• Listed records:

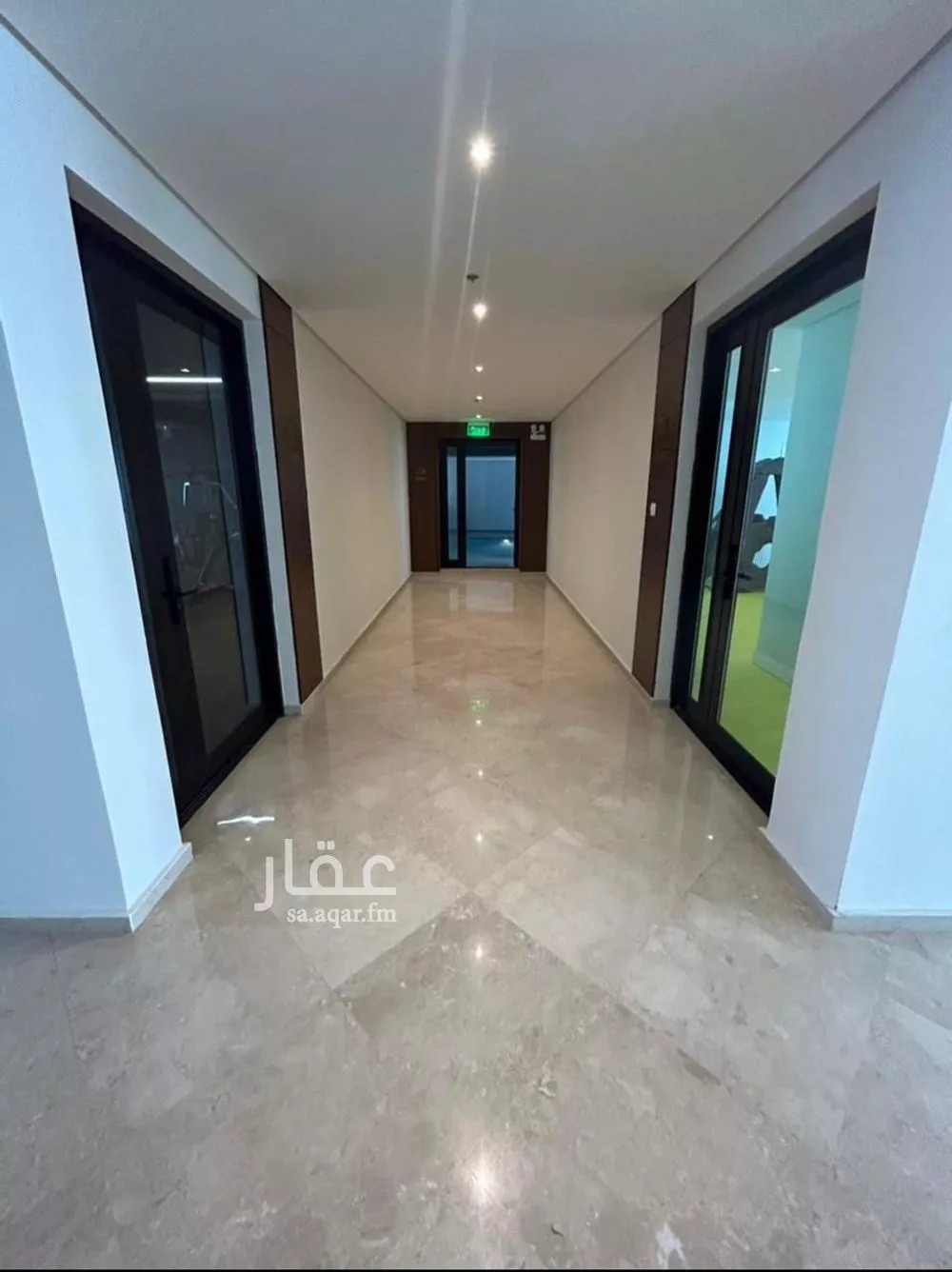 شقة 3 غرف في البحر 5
==
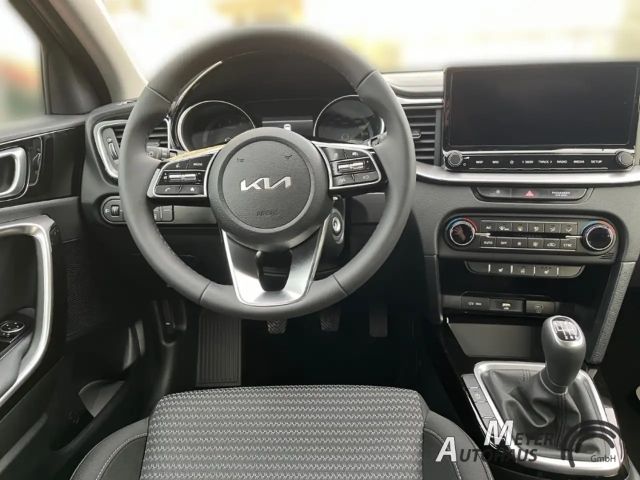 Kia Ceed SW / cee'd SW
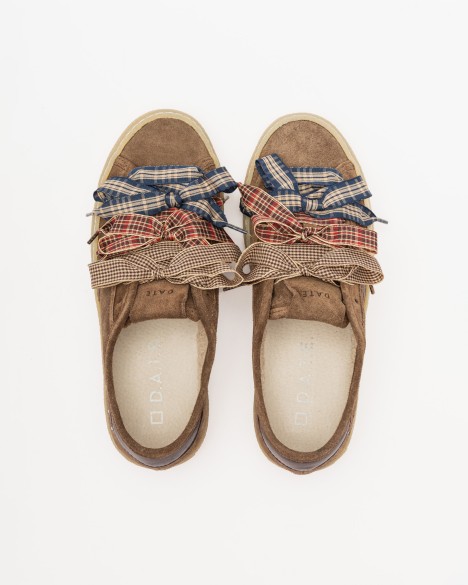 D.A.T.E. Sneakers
...
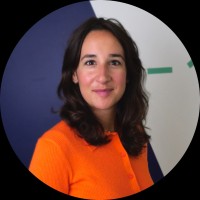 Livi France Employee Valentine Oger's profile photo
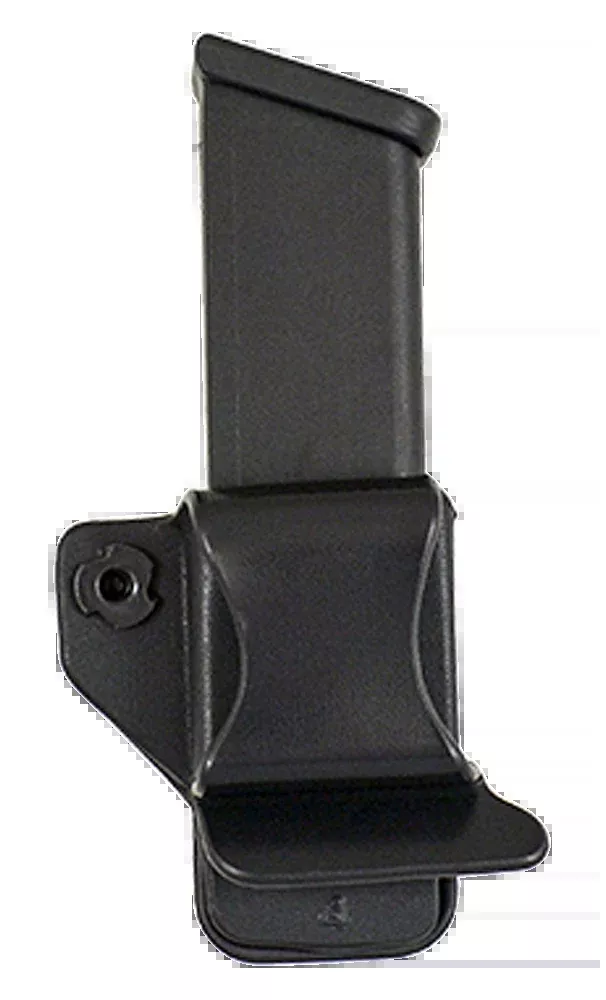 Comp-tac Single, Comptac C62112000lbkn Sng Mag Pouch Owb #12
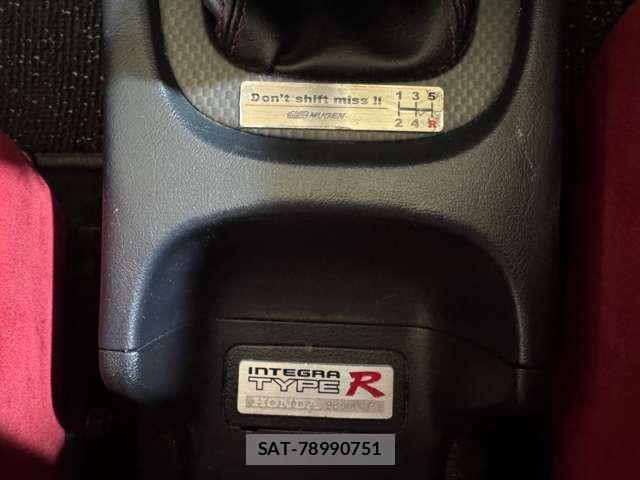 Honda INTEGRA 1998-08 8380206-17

• Required work: Copy only what lies between the line with "Comp-tac Single, Comptac" and the line with "Honda INTEGRA 1998-08 8380206-17", those two lines included, exactly as given above; pictures stay out.

• Reply to the task:
 Comp-tac Single, Comptac C62112000lbkn Sng Mag Pouch Owb #12
 Honda INTEGRA 1998-08 8380206-17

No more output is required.